Quotes From The Book

“If young people’s brains seek social rewards – status, respect, prestige – and hope to avoid social failures-shame, humiliation, rejection-then we can turn these motivations into assets, not liabilities, for healthy development. Young people’s social sensitivities fuel an engine of learning that can help them fit into — or even change — their social surroundings.”

“The overwhelming failure of so many of our society’s youth-serving programs should be a sign that we need to look more deeply at our fundamental mental models about young people. We owe it to young people to ask the hard question: What if the problem has more to do with us-and how we treat the next generation – than it has to do with who they are?”

“There are three ways of trying to win the young. There is persuasion, there is compulsion, and there is attraction. You can preach at them: that is a hook without a worm. You can say, You must volunteer, and that is of the devil. You can tell them, You are needed. That appeal hardly ever fails.” (c) Kurt Hahn

“What seems like neurobiological incompetence to adults is often the result of a young person’s healthy pursuit of status and respect.
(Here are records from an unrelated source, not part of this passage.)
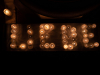 Nacht der 1000 Lichter in der Pfarrkirche Gersthof-St.Leopold (Wien 18.) am 31. Oktober 2021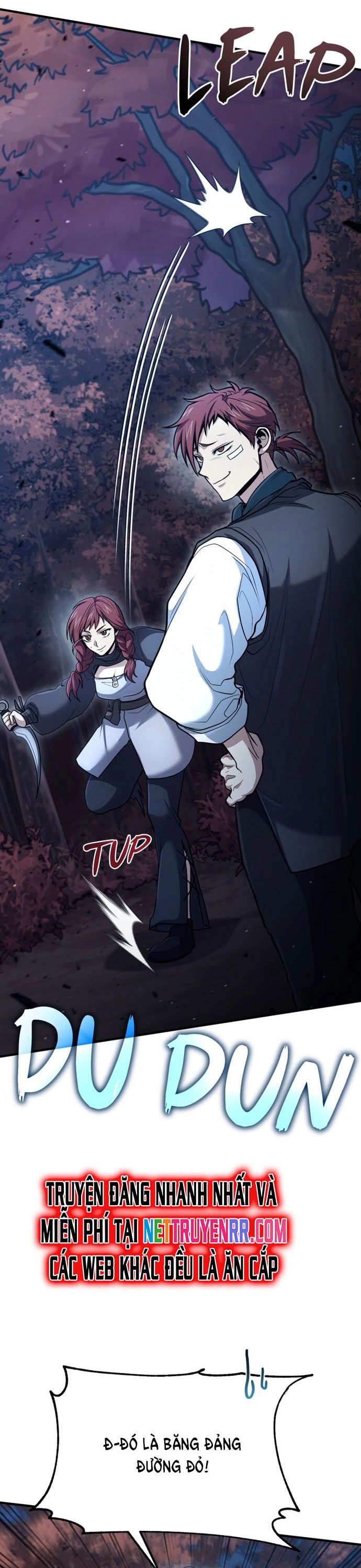 Làm Sao Sống Như Một Trị Liệu Sư Ngầm? - Chapter 41 - Page 11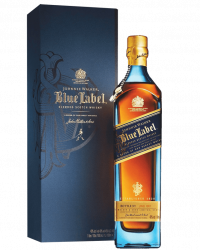 Johnnie Walker Blue Label 1L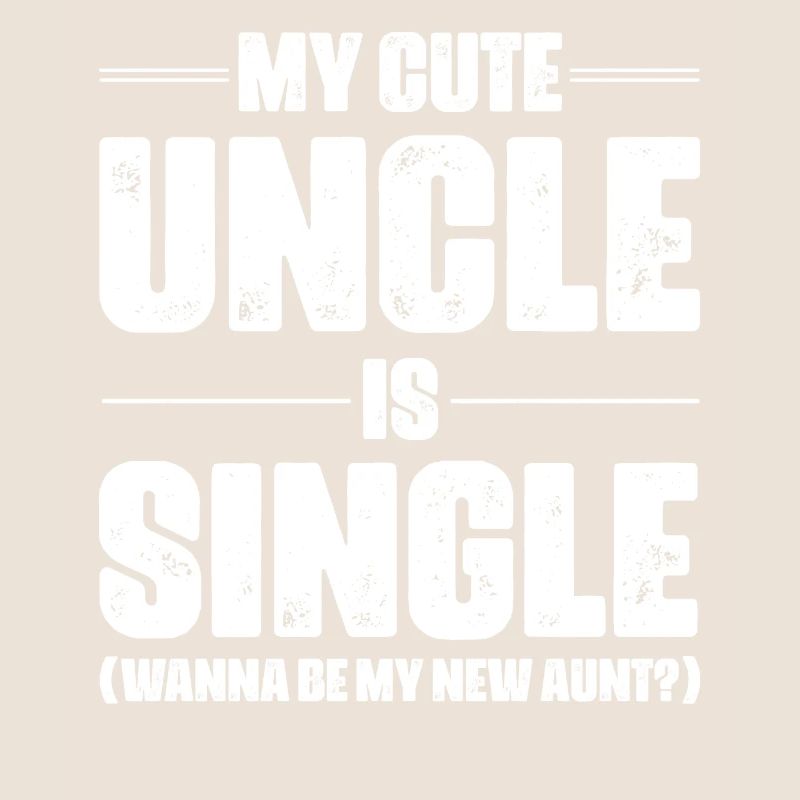 Bester Onkel Schlechter Einfluss Familie Geschenk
When we honor that need, by using a mentor mindset rather than an enforcer or protector mindset, we can support young people’s healthy development and unlock their potential to shape the world for the better.”

“Parents can plan for future growth by finding ways to transfer responsibility to their children. One of the most frequent complaints I hear from parents is that they have to do everything for their children. But when you watch what parents actually do, they act like protectors, grabbing the metaphorical steering wheel the second their children veer off course. Such parents are like landscape architects who install flowering plants that die every winter and then complain about how much gardening they have to do each year. They’re using short-term strategies, so don’t be surprised if the benefits don’t last!”

“The enforcer mindset makes the generational divide worse. When we demand compliance without compassion, then young people feel like their perspectives are disrespected, which in turn causes many of the frustrating behaviors we complained about in the first place. The protector mindset fully concedes power and control to the next generation, and that isn’t right either. Young people may have valuable perspectives, but they’re often far narrower than the broad lens we develop with age, experience, and wisdom. A mentor mindset, however, can resolve the generational divide by learning from young people’s perspectives, while also aligning their ideas with what we already know is best for everyone’s long-term interests.”